The UK is expecting 300,000 Hong Kongers to migrate to the UK from 31 January this year, up to 3 million Hong Kongers are eligible for this BNO (British National Overseas) Visa. This is the largest migration of people since Windrush.
Many of us would have noticed the banner by the steps of the Portico and we had a Hong Kong Welcome launch with the Bishop of London and Dr Krish Kandiah on 12 February – the first day of the Chinese New Year. While Hong Kong might have been a British dependent territory until 1997, Hong Kongers arriving in the UK will be facing linguistic challenges as well as cultural challenges.
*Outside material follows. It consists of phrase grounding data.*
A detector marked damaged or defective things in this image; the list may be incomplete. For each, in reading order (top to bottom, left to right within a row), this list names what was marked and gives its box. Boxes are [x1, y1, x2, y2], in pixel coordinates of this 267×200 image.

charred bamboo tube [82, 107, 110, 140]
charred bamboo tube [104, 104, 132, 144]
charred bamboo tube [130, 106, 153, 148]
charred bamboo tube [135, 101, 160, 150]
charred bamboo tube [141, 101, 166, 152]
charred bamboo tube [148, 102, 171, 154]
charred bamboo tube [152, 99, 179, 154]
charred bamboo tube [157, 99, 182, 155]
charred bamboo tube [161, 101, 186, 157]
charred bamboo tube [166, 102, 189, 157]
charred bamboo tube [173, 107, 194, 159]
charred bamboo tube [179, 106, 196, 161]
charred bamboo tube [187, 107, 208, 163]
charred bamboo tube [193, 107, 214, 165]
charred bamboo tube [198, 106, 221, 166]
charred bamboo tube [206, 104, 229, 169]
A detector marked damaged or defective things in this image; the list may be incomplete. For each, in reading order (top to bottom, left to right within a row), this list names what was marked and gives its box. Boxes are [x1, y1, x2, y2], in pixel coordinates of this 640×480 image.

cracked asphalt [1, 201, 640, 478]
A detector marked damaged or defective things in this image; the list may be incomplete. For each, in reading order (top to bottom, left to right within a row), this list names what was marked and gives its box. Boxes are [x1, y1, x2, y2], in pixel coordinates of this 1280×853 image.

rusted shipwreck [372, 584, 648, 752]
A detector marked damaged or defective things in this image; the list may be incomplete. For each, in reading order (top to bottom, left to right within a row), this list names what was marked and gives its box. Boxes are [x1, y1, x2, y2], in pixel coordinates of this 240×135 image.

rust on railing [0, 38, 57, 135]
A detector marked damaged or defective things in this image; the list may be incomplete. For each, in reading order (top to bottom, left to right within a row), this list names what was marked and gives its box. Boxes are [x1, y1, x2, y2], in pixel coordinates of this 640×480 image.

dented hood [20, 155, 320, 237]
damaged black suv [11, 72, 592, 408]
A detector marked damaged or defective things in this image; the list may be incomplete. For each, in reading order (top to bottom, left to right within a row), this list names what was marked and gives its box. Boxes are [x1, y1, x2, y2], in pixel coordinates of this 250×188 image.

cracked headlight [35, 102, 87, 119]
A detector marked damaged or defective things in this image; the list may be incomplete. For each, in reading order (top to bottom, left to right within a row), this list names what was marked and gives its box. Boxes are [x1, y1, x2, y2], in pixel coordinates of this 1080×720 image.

St Martin-in-the-Fields has always been a place of welcome for many centuries, but we hope to become a spiritual home for these new arrivals.
Recently, I recalled a welcoming encounter when I was a teenager in my first month in the UK. An older Chinese Christian lady who was a friend of my neighbour in my family home in Hong Kong invited me for a day trip to Birmingham and bought me a Dim Sum lunch. Noticing that I did not have enough layers to keep warm, she bought me a trench coat from House of Fraser! It was one of the few items that I found it hard to let go last time leaving the UK.
I hope this is the kind of radical welcome the government might roll out with the Welcoming support scheme for the new arrivals in need, but the actual soul fulfilling action must come from the community – the spirit of St Martin’s!